*** Opening GIVEN DATA ***

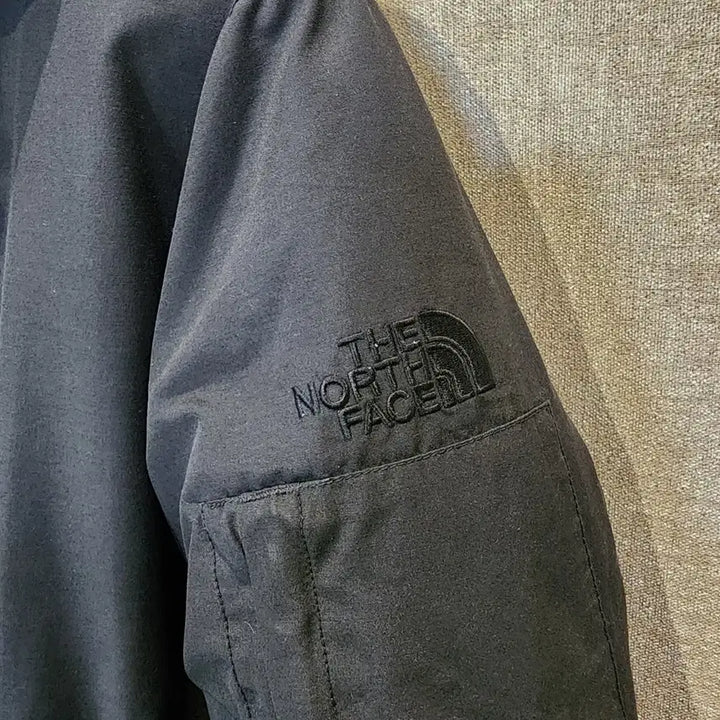 [SOLD OUT] 노스페이스 블랙 후드 패딩 자켓 100 L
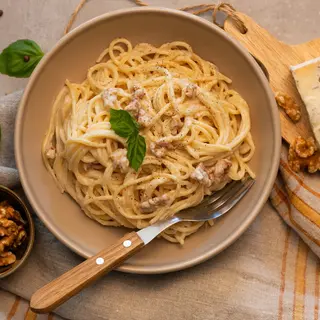 Espaguetis con salsa a elegir
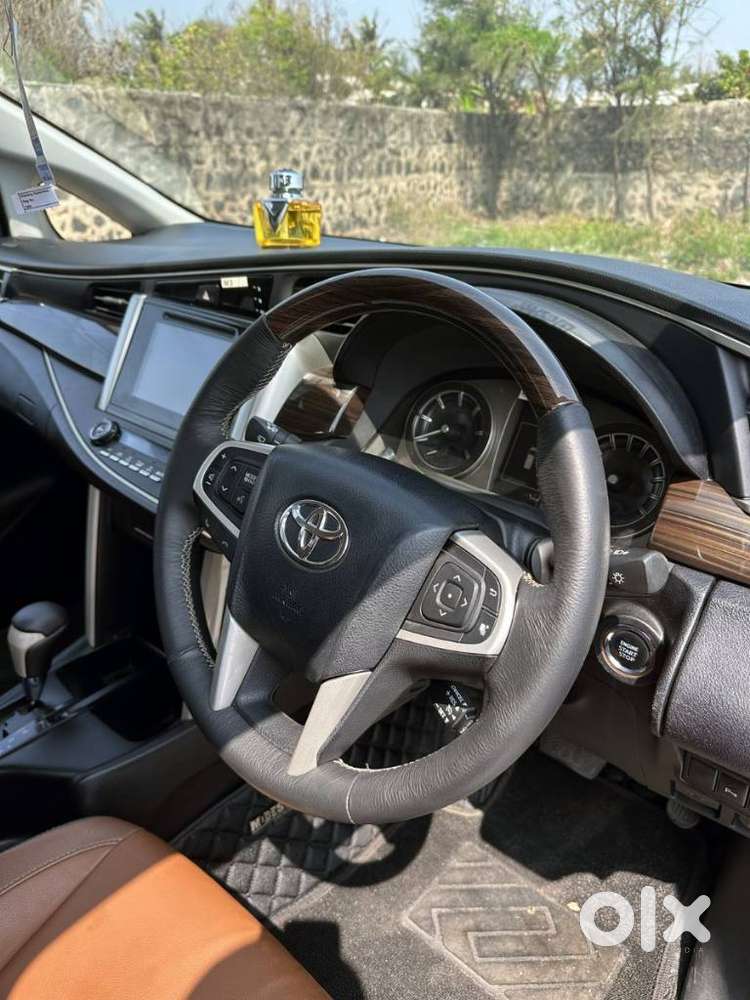 Toyota Innova Crysta 2.8z Automatic, 2018, Diesel
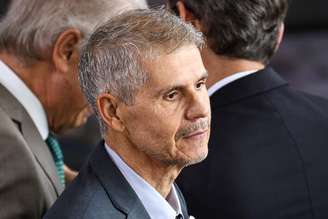 Ministro da Comunicação Social de Lula, Sidônio Palmeira está no centro da artilharia da oposição, que quer saber se o Planalto teve participação direta na campanha do 'nós contra eles' feita pelo PT.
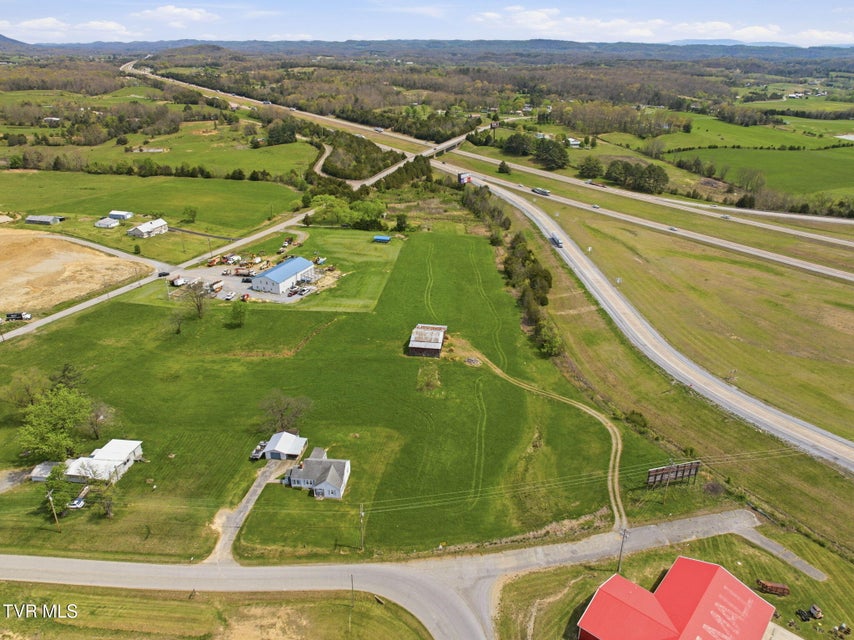 Photo #2: 90 Bailey Street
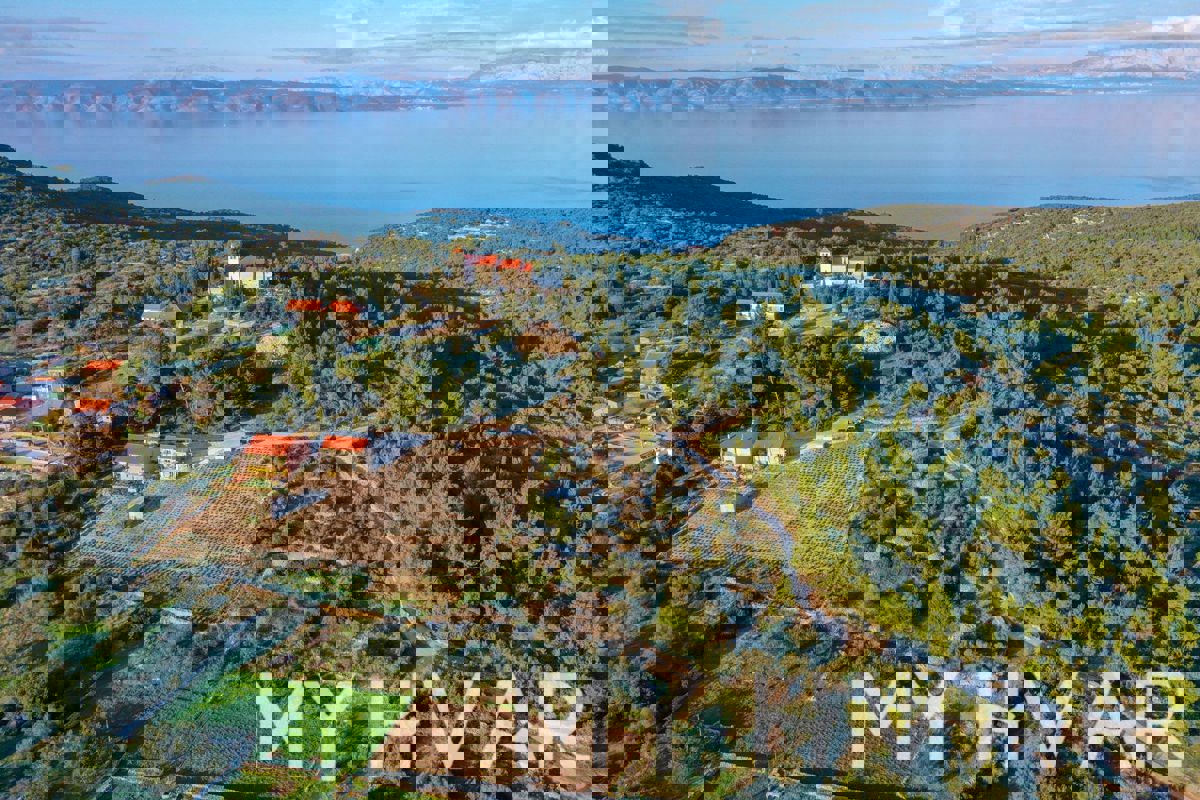 Terreno edificabile Zastražišće #2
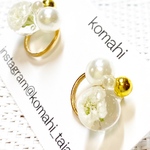 かすみ草のリングのついたピアス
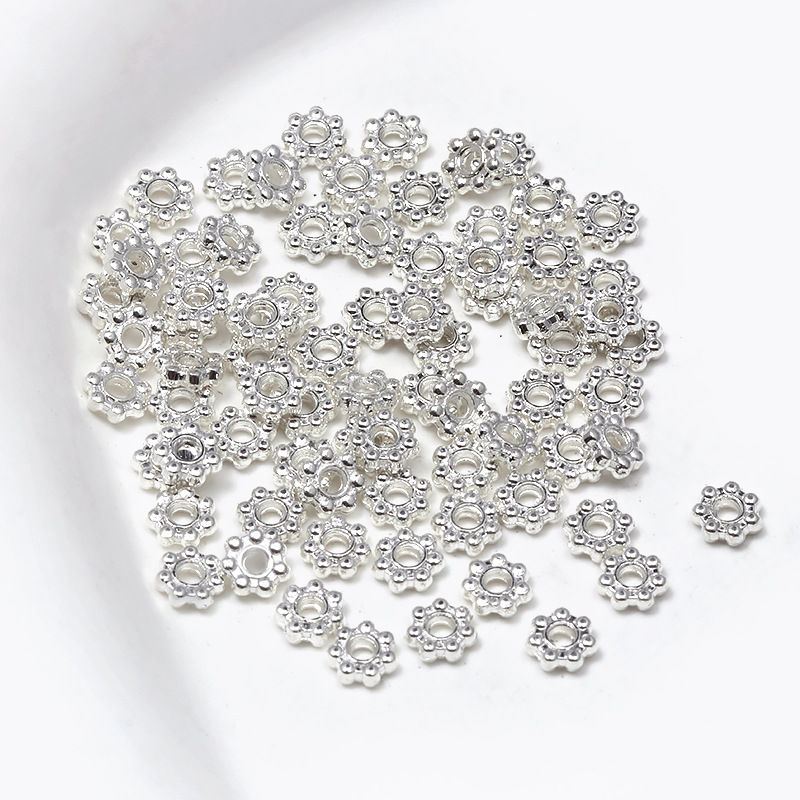 4 couleur argent clair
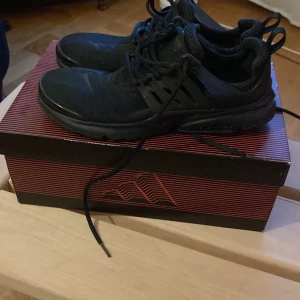 Nike air prestos - Nike air prestos. Använda ca 4 gånger. Väldigt sköna och i bra skick.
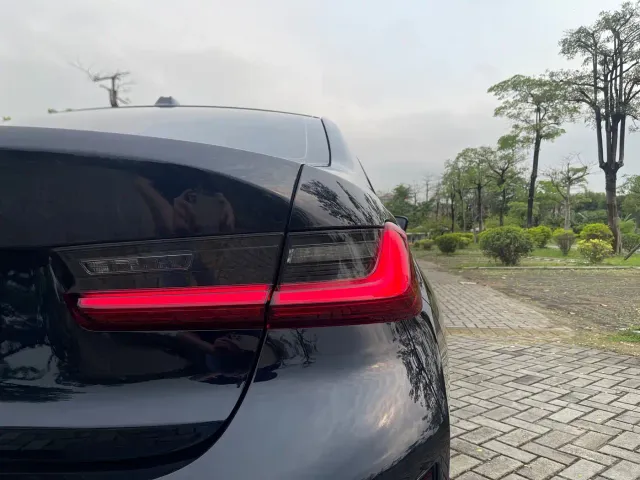BMW 3 Series — Фото автомобиля 20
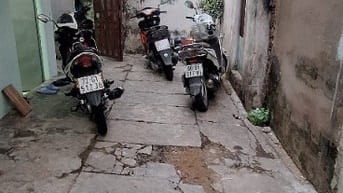 Bán nhà hẻm 458 huỳnh Tấn Phát, Bình Thuận, quận 7, dt 3x8m,gia:1,8ty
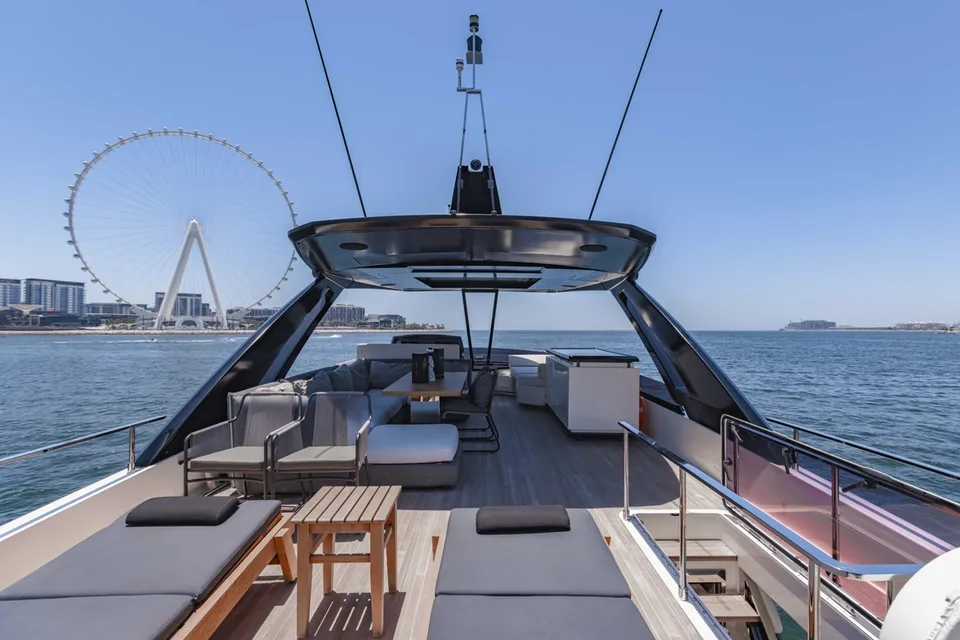 Ferretti Yachts 780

*** Closing GIVEN DATA ***

* _WHAT YOU ARE ASKED TO DO_
Set down the line containing "かすみ草のリングのついたピアス" and every line after it up to the end of the material, exactly as written, but not the pictures.

* _RESULT FOR THIS EXERCISE_
 かすみ草のリングのついたピアス
 4 couleur argent clair
 Nike air prestos - Nike air prestos. Använda ca 4 gånger. Väldigt sköna och i bra skick.
BMW 3 Series — Фото автомобиля 20
 Bán nhà hẻm 458 huỳnh Tấn Phát, Bình Thuận, quận 7, dt 3x8m,gia:1,8ty
 Ferretti Yachts 780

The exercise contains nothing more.